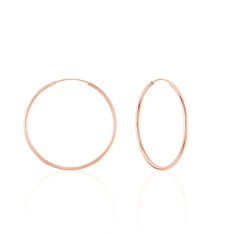 Creoles Argent Rose Flexibles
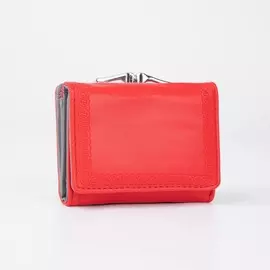 Кошелёк на кнопке, цвет красный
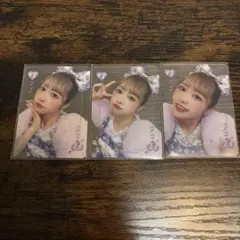 FRUITS ZIPPER クリアトレカ 仲川瑠夏 コンプ 3種セット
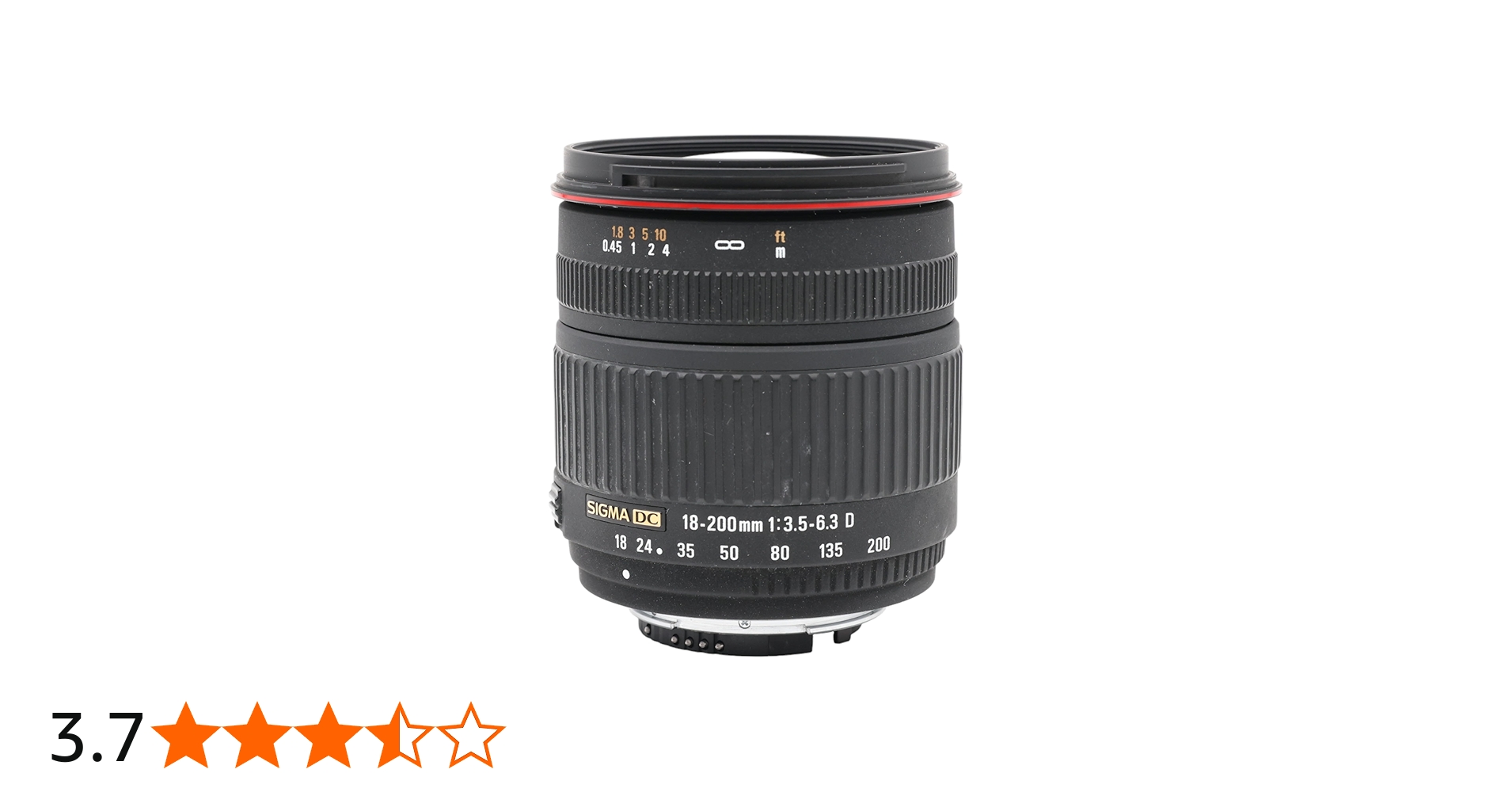 Sigma 18-200mm f/3.5-6.3 DC Lens for Nikon Digital SLR Cameras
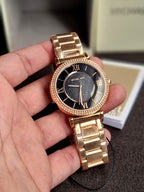 Michael Kors Analog Black Dial Women's Watch-MK3356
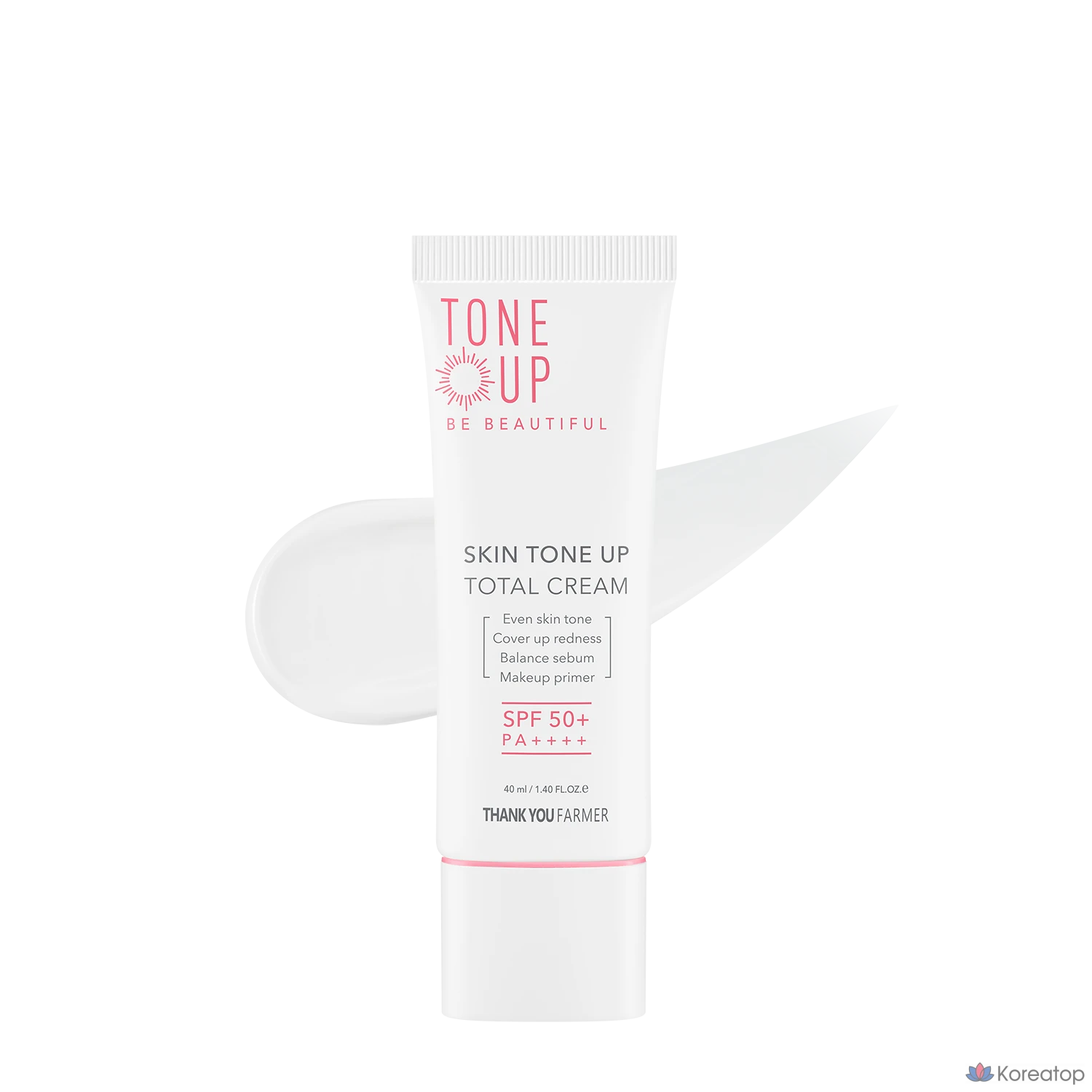 Крем для выравнивания тона кожи Thank You Farmer Skin Tone Up Total Cream, 40 мл, 1 шт.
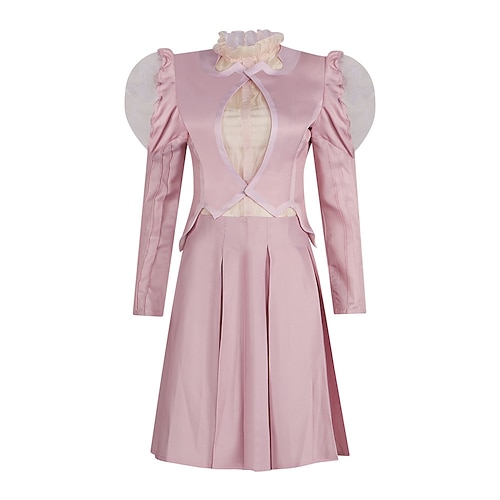 Buchwoche 2026 Hexe Fee Glinda Kleid Outfits Kostüm Karnevalskostüm Film- und TV-Themenkostüme for Damen Erwachsene Halloween Karneval Party Leistung Bühne Image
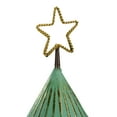 thumbnail image 2 of Northlight Rustic Christmas Tree with Cutout Star Topper - 17" - Green and Gold Finish, 2 of 4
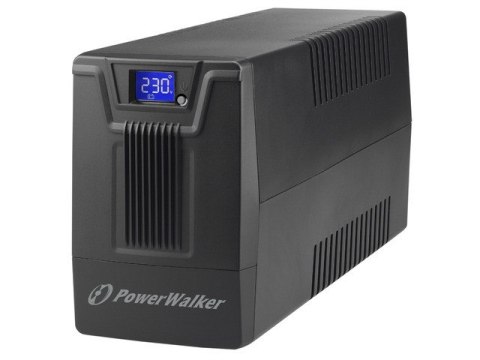 Zasilacz awaryjny UPS POWERWALKER LINE-INTERACTIVE 600VA SCL 2XSCHUKO 230V, RJ11/ 45 IN/OUT, USB, LCD PowerWalker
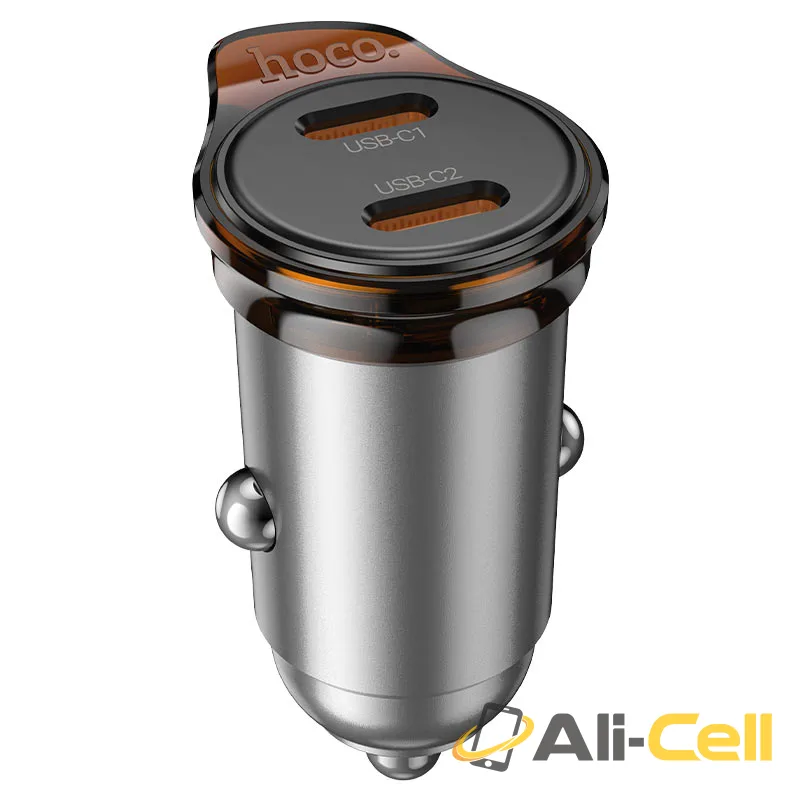 Car charger “NZ16B Rigorous” 45W cable set (Nz16b Metal Grey, Single)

:::

**WHAT YOU NEED TO DO:** With pictures left out, transcribe each line from the one containing "FRUITS ZIPPER クリアトレカ 仲川瑠夏 コンプ 3種セット" through the end of the data, both ends included.

**SOLUTION TO THE EXERCISE:**
 FRUITS ZIPPER クリアトレカ 仲川瑠夏 コンプ 3種セット
 Sigma 18-200mm f/3.5-6.3 DC Lens for Nikon Digital SLR Cameras
 Michael Kors Analog Black Dial Women's Watch-MK3356
 Крем для выравнивания тона кожи Thank You Farmer Skin Tone Up Total Cream, 40 мл, 1 шт.
 Buchwoche 2026 Hexe Fee Glinda Kleid Outfits Kostüm Karnevalskostüm Film- und TV-Themenkostüme for Damen Erwachsene Halloween Karneval Party Leistung Bühne Image
 thumbnail image 2 of Northlight Rustic Christmas Tree with Cutout Star Topper - 17" - Green and Gold Finish, 2 of 4
 Zasilacz awaryjny UPS POWERWALKER LINE-INTERACTIVE 600VA SCL 2XSCHUKO 230V, RJ11/ 45 IN/OUT, USB, LCD PowerWalker
 Car charger “NZ16B Rigorous” 45W cable set (Nz16b Metal Grey, Single)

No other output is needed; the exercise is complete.